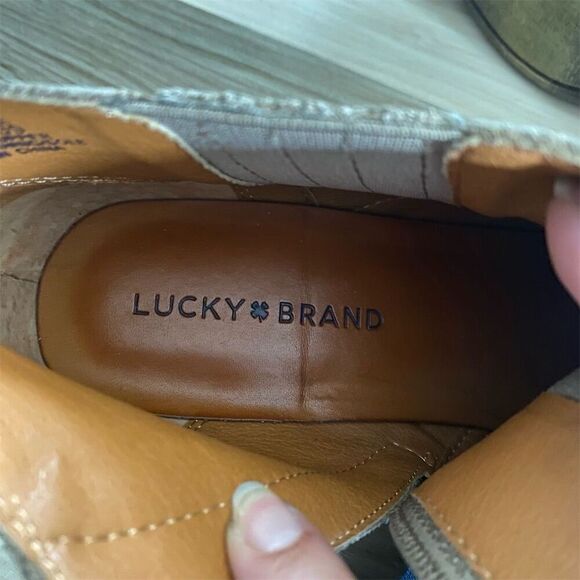 NEW Lucky Brand Women's Taupe Suede Leather Ankle Bootie Size 8.5 Zip Closure - Picture 9 of 9
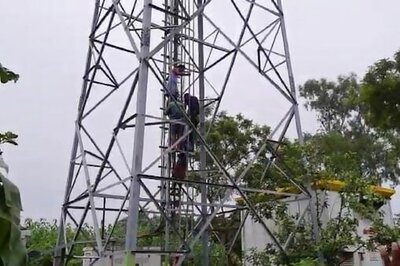 Bengal Man Climbs Mobile Tower After Girlfriend Dumps Him, Comes Down After 3-hour Drama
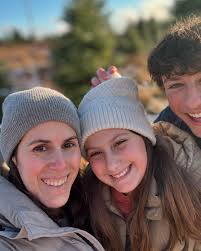 Kicking off the holiday with the wonderful people at Keddy's U Pick. We  have been coming here since 2013 and have the best memories. Hiking through  their farm to find the right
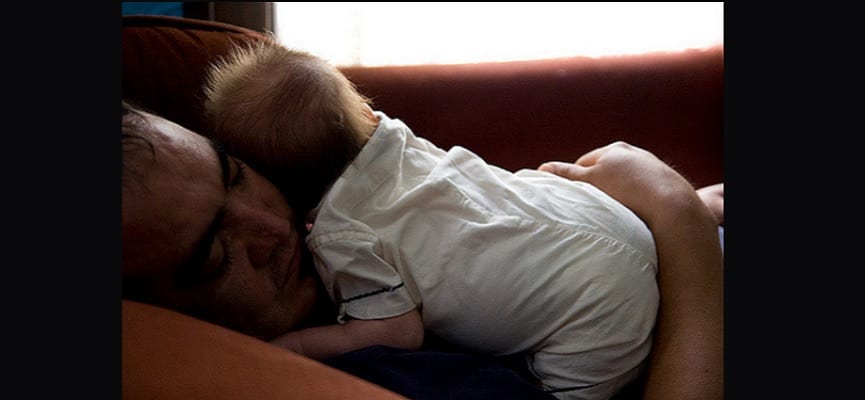 Bayi Ini Meninggal Gara-Gara Tidur di Dada Ayahnya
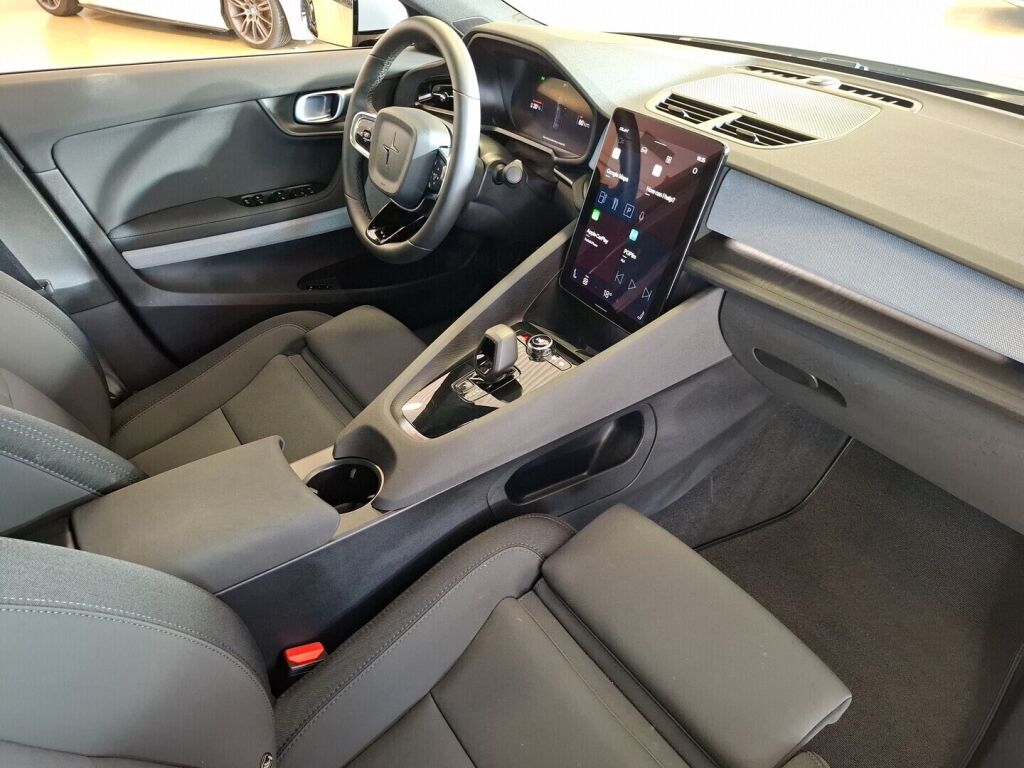 Polestar 2 2023 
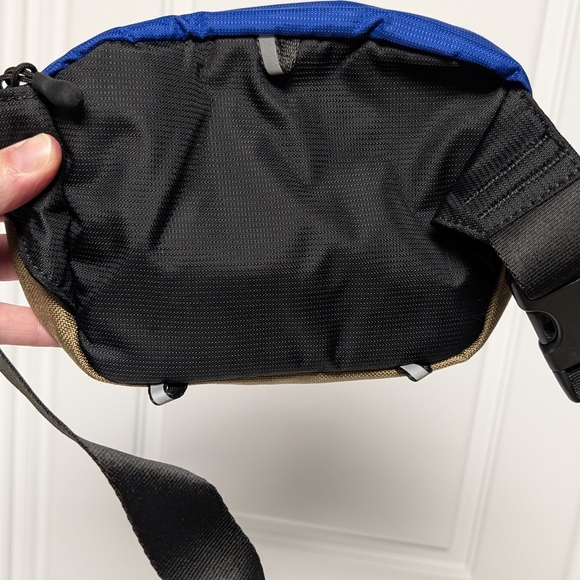 Herschel Supply Co. Tour Hip Pack Small Cordura in Blue and Gray 5” x 7” x 2.5” - Picture 5 of 7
※
▶ **What you will do**
Every line above goes into your copy exactly; no images go in.

▶ **Solved problem**
 NEW Lucky Brand Women's Taupe Suede Leather Ankle Bootie Size 8.5 Zip Closure - Picture 9 of 9
 Bengal Man Climbs Mobile Tower After Girlfriend Dumps Him, Comes Down After 3-hour Drama
 Kicking off the holiday with the wonderful people at Keddy's U Pick. We  have been coming here since 2013 and have the best memories. Hiking through  their farm to find the right
 Bayi Ini Meninggal Gara-Gara Tidur di Dada Ayahnya
 Polestar 2 2023 
 Herschel Supply Co. Tour Hip Pack Small Cordura in Blue and Gray 5” x 7” x 2.5” - Picture 5 of 7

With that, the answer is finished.